🤖 AI Summary
In offline reinforcement learning, policy optimization with diffusion models is hindered by behavioral policy mismatch and unknown importance weights $w$. This paper proposes a self-guiding mechanism based on joint action-weight diffusion modeling, introducing the Self-Weighted Guidance (SWG) paradigm: a single diffusion model simultaneously generates actions and their corresponding importance weights, implicitly encoding policy guidance signals without requiring auxiliary critic networks or explicit weight estimation modules. Leveraging score-based sampling, SWG enables end-to-end, unbiased policy improvement. The method achieves state-of-the-art performance across multiple challenging benchmarks in D4RL. A controlled toy experiment validates consistency of the learned joint action-weight distribution, while ablation studies confirm the critical role of weight modeling and demonstrate scalability to diverse environments and dataset sizes.
📝 Abstract
Offline reinforcement learning (RL) recovers the optimal policy $pi$ given historical observations of an agent.

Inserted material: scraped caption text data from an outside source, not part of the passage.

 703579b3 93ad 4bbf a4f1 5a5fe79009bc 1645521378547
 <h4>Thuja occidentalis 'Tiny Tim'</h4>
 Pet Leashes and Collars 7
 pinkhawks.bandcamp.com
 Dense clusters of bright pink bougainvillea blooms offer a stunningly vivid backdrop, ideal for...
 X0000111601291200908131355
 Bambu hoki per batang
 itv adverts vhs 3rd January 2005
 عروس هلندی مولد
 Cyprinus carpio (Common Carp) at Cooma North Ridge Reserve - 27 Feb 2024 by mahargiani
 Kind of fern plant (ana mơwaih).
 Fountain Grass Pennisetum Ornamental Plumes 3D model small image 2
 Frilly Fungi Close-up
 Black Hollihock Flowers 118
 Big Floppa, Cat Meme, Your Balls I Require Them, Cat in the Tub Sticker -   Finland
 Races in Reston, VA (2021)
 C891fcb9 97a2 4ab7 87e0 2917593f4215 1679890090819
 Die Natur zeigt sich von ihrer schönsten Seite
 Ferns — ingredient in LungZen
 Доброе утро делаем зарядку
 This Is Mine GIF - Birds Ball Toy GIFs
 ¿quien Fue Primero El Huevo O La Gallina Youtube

In practice, $pi$ is modeled as a weighted version of the agent's behavior policy $mu$, using a weight function $w$ working as a critic of the agent's behavior. Though recent approaches to offline RL based on diffusion models have exhibited promising results, the computation of the required scores is challenging due to their dependence on the unknown $w$. In this work, we alleviate this issue by constructing a diffusion over both the actions and the weights. With the proposed setting, the required scores are directly obtained from the diffusion model without learning extra networks. Our main conceptual contribution is a novel guidance method, where guidance (which is a function of $w$) comes from the same diffusion model, therefore, our proposal is termed Self-Weighted Guidance (SWG). We show that SWG generates samples from the desired distribution on toy examples and performs on par with state-of-the-art methods on D4RL's challenging environments, while maintaining a streamlined training pipeline. We further validate SWG through ablation studies on weight formulations and scalability.